Consequently the logical assumption is that many Congressmen are having serious doubts about the UIGEA and likely expressed them to Bachus and/or Kyl. In fact the number of supporters of Barney Frank's Gambling Regulation and Enforcement Act, Shelley Berkley's Gambling Study Bill or Robert Wexler's Skill Game legalization bill seems to increase every time one looks at the list. As such, Bachus and Kyl surely found it necessary to send this letter to rally the anti-gambling troops. But will it work? With the U.S. economy in shambles, with tensions in the Middle East mounting and with a Presidential election around the corner it is unlikely this issue is on the minds of many. In fact the only Congressmen who really seem to have it as any form of a priority are Barney Frank, Ron Paul and the few others who want the UIGEA regulations quashed.

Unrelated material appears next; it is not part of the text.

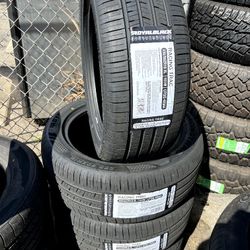 235/50/18 New Tires #4 Royal Black Mount & Balance // 4 llantas nuevas Instaladas Y Balanceadas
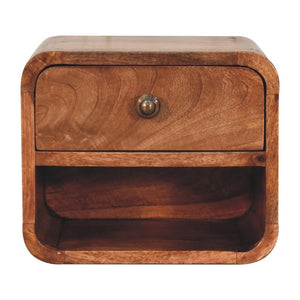 Mokka Coffee Table | Solid Mango Wood | Honey Caramel Finish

Congress is expected to end early this year due to the election and both sides want to have their agendas solidified before adjourning. Kyl and Bachus, with urging from Focus on the Family and other anti gambling forces, are prodding Congress to force the banks to comply with the U.S. treasury's mess under any circumstances. Frank, Paul, Berkley, etc., with backing from pro gambling groups and now evidently the banking industry, want the regulations halted in their tracks and replaced by a more realistic law that can be enforced and regulated properly. It's uncertain whether the UIGEA regulations can be stopped anyway (remember, a judge threw out a motion by iMEGA to have them halted), but with enough support and lobbying from gambling entities, and particularly the banking and e-wallet sector, it isn't inconceivable that the regulations could be put off indefinitely. At that point there would be a new vote on the feasibility of the UIGEA, particularly if a Democrat wins the presidency in November.
MajorWager will keep an eye on the progress of the two sides of this issue as it heats up. This is gearing up to be a battle royale throughout the summer.